Material provided ->

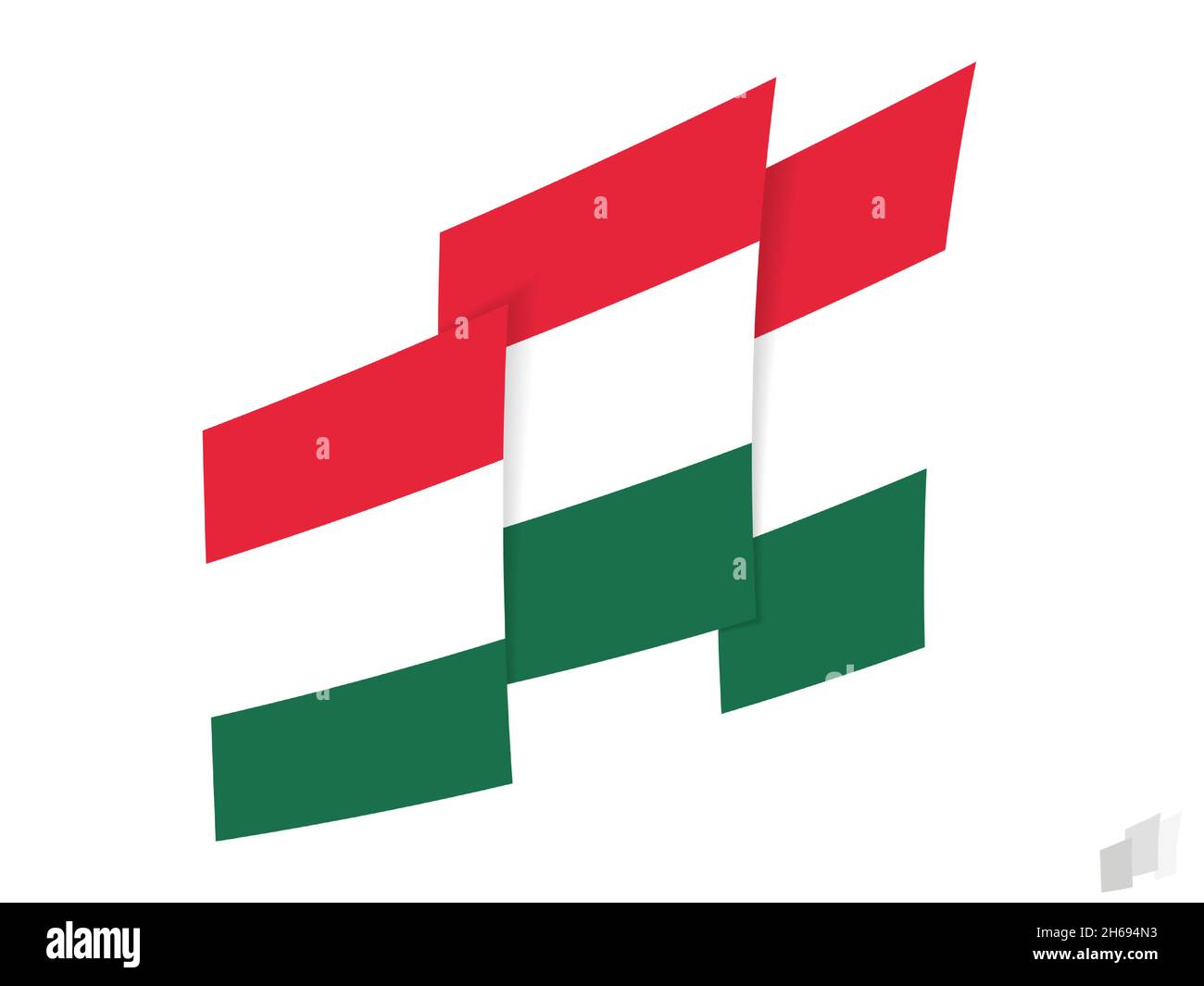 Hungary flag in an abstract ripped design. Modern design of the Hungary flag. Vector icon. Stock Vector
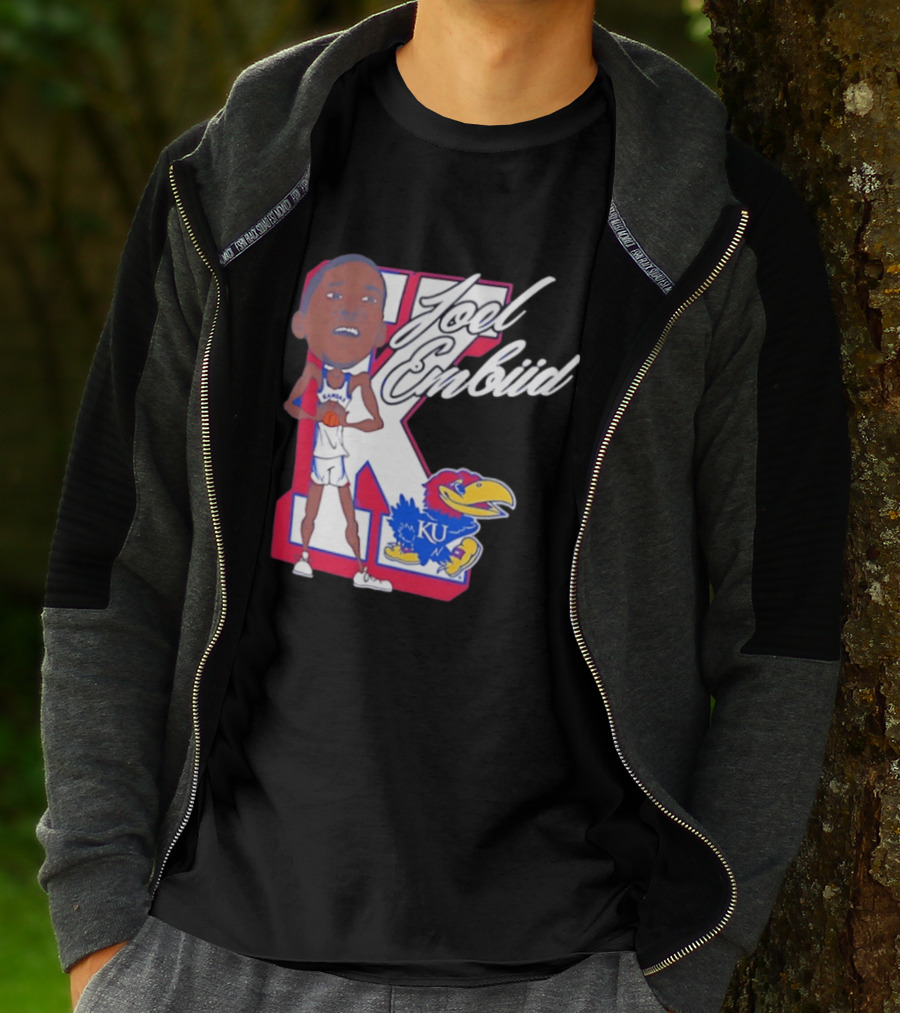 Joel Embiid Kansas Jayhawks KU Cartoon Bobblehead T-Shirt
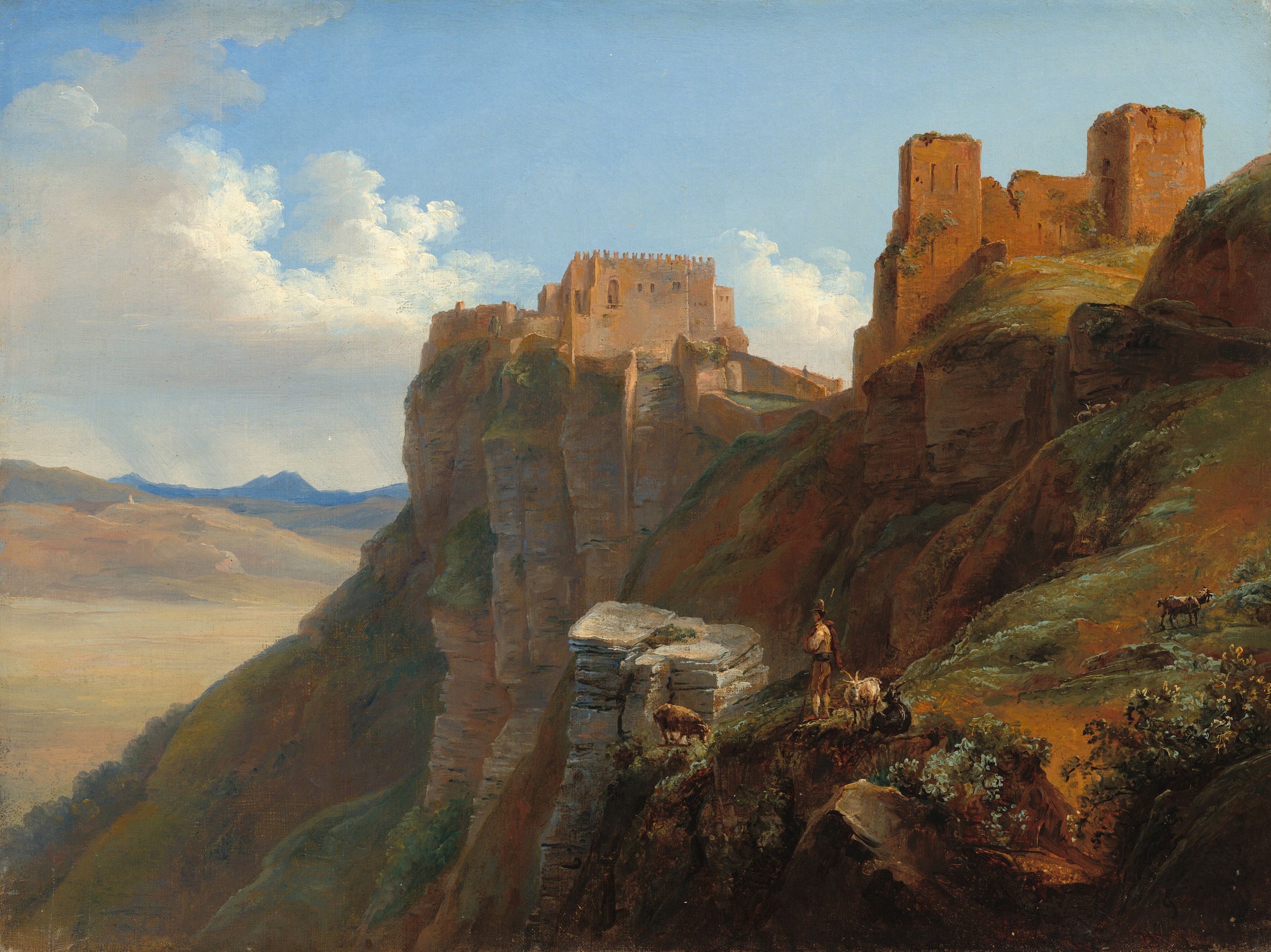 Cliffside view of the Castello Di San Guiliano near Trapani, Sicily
--
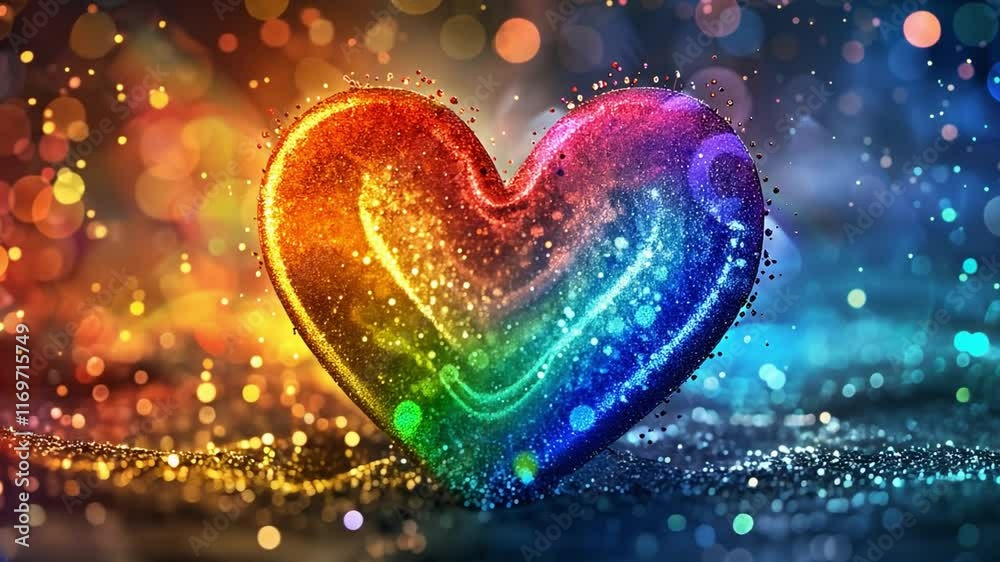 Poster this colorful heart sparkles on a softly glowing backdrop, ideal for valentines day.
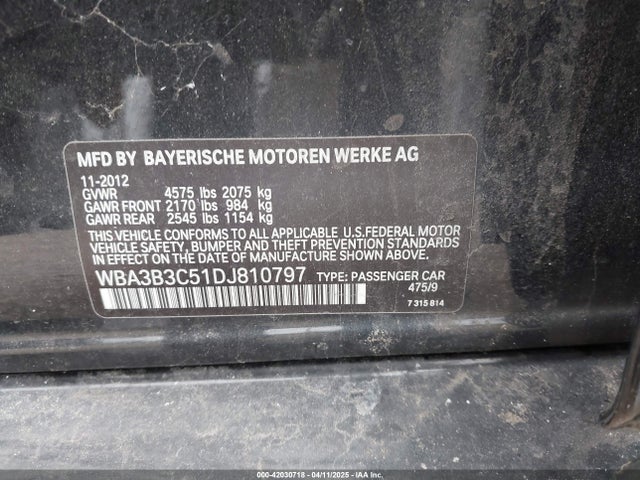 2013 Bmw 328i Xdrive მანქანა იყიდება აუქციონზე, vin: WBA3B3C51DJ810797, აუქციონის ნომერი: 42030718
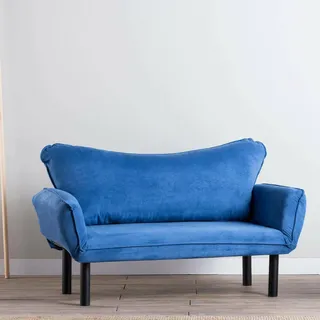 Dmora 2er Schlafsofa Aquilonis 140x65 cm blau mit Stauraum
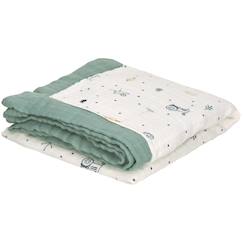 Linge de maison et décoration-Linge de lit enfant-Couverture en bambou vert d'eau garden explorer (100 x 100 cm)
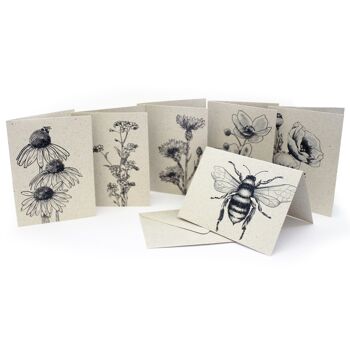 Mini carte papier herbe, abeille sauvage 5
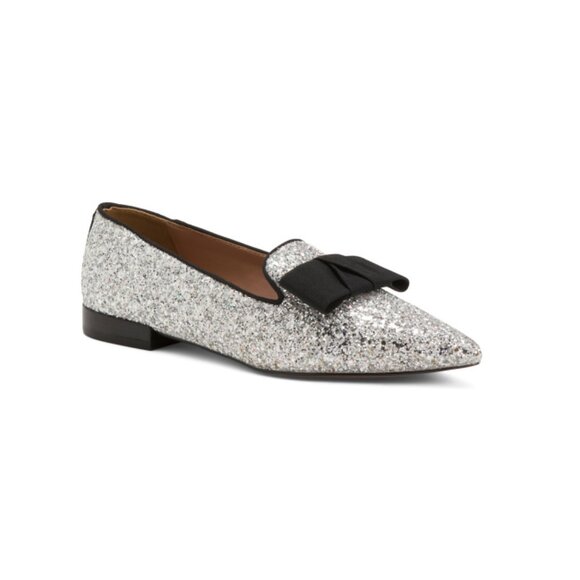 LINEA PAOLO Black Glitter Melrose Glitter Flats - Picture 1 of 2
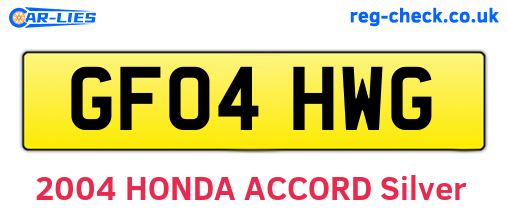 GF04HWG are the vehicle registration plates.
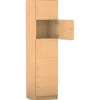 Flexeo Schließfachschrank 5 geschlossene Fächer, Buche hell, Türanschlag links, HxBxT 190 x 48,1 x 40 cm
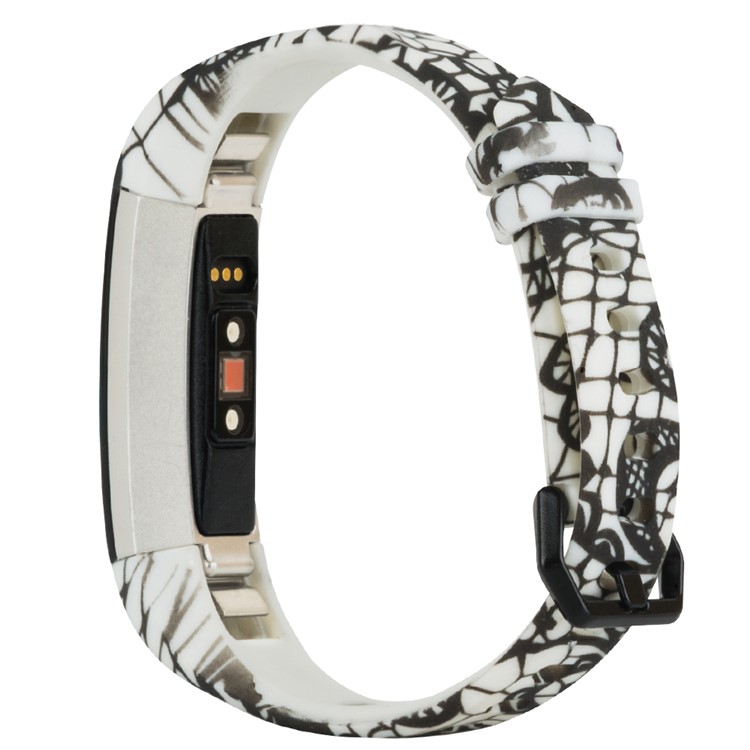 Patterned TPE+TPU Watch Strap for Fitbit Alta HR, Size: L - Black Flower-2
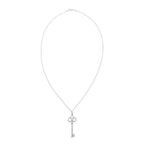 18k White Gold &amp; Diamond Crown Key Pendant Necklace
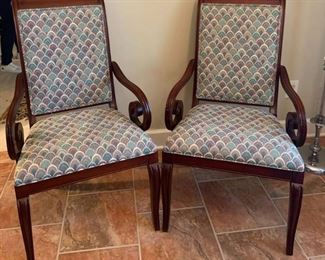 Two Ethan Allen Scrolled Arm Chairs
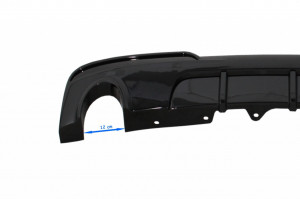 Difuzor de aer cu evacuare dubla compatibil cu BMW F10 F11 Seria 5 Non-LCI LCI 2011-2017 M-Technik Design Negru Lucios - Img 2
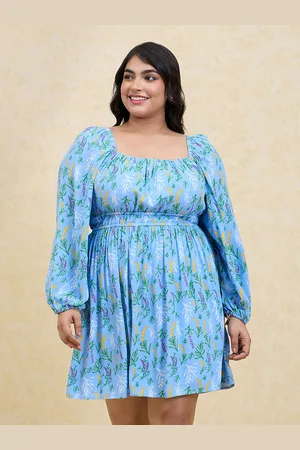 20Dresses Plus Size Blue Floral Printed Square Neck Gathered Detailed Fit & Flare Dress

Task to carry out ->
Above are entries with pictures among them. Write out exactly the lines from the one containing "LINEA PAOLO Black" through the one containing "20Dresses Plus Size", ends included, and leave those pictures out.

Response ->
 LINEA PAOLO Black Glitter Melrose Glitter Flats - Picture 1 of 2
 GF04HWG are the vehicle registration plates.
 Flexeo Schließfachschrank 5 geschlossene Fächer, Buche hell, Türanschlag links, HxBxT 190 x 48,1 x 40 cm
 Patterned TPE+TPU Watch Strap for Fitbit Alta HR, Size: L - Black Flower-2
 18k White Gold &amp; Diamond Crown Key Pendant Necklace
 Two Ethan Allen Scrolled Arm Chairs
 Difuzor de aer cu evacuare dubla compatibil cu BMW F10 F11 Seria 5 Non-LCI LCI 2011-2017 M-Technik Design Negru Lucios - Img 2
 20Dresses Plus Size Blue Floral Printed Square Neck Gathered Detailed Fit & Flare Dress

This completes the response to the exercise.